Son günlerde dünya genelinde pek çok insanın dikkatini çeken sıra dışı bir olay, ABD’nin Massachusetts eyaletinde yaşandı. Harvard Üniversitesi'nde öğretim görevlisi olarak görev yapan Bircan Demirtaş, Türk öğrenci Rümeysa Öztürk'ün karşılaştığı zorluklar karşısında bir protesto şekli olarak açlık grevine başladı. Bu cesur eylem, sadece bir öğrencinin hayatını değil, aynı zamanda üniversite sistemindeki adalet anlayışını sorgulayan bir mücadele haline geldi. Rümeysa'nın hikayesi, birçok insanı derinden etkilerken, Demirtaş’ın bu kararı, eğitim dünyasında yankı uyandırdı.
Rümeysa Öztürk, eğitim hayatının en önemli adımlarından birini atmaya çalışırken, ABD'deki eğitim sisteminin zorluklarıyla başa çıkmaya çalışıyor. Henüz ikinci sınıf öğrencisi olan Rümeysa, ailesinin maddi durumu nedeniyle okul harçlarını karşılamakta güçlük çekiyor. Eğitimine olan tutkusunu kaybetmeden, mezun olabilmek için çabalayan Rümeysa, çoğu zaman zor koşullarda yaşam mücadelesi veriyor. Bu süreçte, sınıf arkadaşları ve öğretim üyeleriyle birlikte dayanışma içinde olmaya çalışsa da, yaşadığı maddi sıkıntılar onu umutsuzluğa sürüklüyor.

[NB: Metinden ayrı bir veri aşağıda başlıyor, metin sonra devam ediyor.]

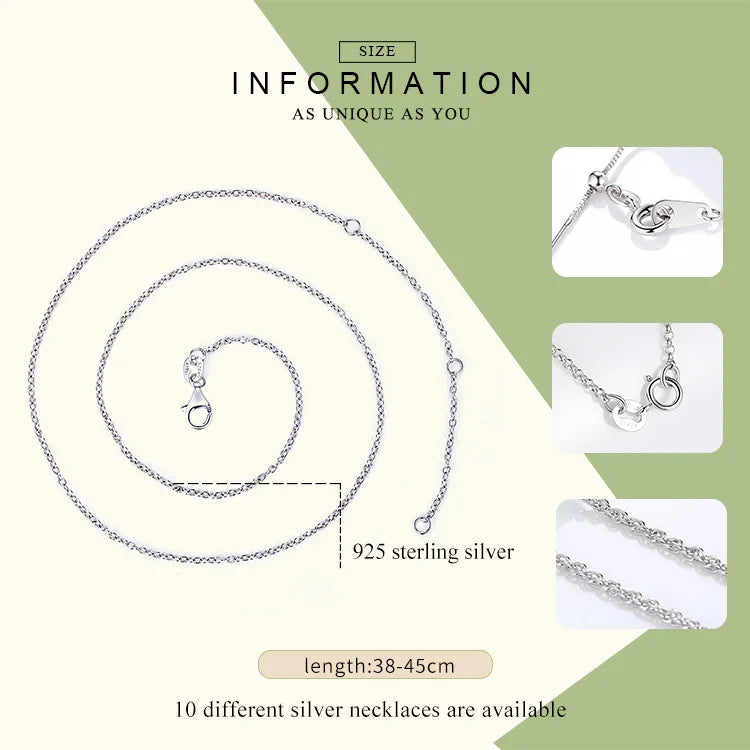BAMOER Classic Basic O-chain Solid 925 Sterling Silver Lobster Clasp Adjustable Necklace Box Cable Chain DIY Jewelry for Women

Bircan Demirtaş, öğrencisi Rümeysa’nın durumunu öğrenince, sadece bir öğretmen olarak değil, bir insan olarak da kayıtsız kalamayacağını düşündü. Eğitimde eşitlik ve fırsat adaletinin sağlanması gerektiğine inanan Demirtaş, açlık grevi başlatarak bu duruma dikkat çekmek istedi. "Rümeysa gibi öğrencilere destek olmamız şart. Eğitimde fırsat eşitliği sağlanmadığı sürece, geleceğimizin teminatı olan gençlerimizin önü açılmayacak," diyor Demirtaş. Profesör, bu eylemin yalnızca Rümeysa’yı değil, benzer durumda olan birçok öğrenciyi de kapsayacak geniş bir etki yaratmasını umuyor. Medyanın ilgisini üzerine çeken bu olay, sosyal medya platformlarında da hızla yayıldı ve büyük bir destek topladı. Destek veren öğrenciler, öğretim üyeleri ve sosyal aktivistler, Rümeysa'nın eğitim hakkı için mücadeleye katılarak, #RümeysaİçinAdalet hashtag'i ile kampanya başlattılar.
Rümeysa’nın hikayesinin duyulması, eğitim hanelerinde ve sosyal medya platformlarında büyük bir tartışma başlattı. Eğitim sistemindeki eşitsizlikler üzerinde yoğun bir şekilde durulmaya başlandı. Onlarca öğrenci, kendi hikayelerini paylaşarak Rümeysa ile dayanışma içinde olduklarını gösterdiler. Açlık grevine katılanların sayısı gün geçtikçe artarken, birçok kişi de Demirtaş’ın yanında olmayı sürdürdü. Demirtaş, bu protestonun sadece zor durumda olan bireylere değil, aynı zamanda tüm eğitim sistemine dikkat çekmeyi hedeflediğini belirtiyor. "Geleceğimizin mimarı olan gençlerin eğitim hakkı gasp edilemez," diyor. Rümeysa'nın durumu, sadece bir öğrenciyi değil, on binlerce gence umut verme potansiyeline sahip bir hikaye olarak öne çıkıyor.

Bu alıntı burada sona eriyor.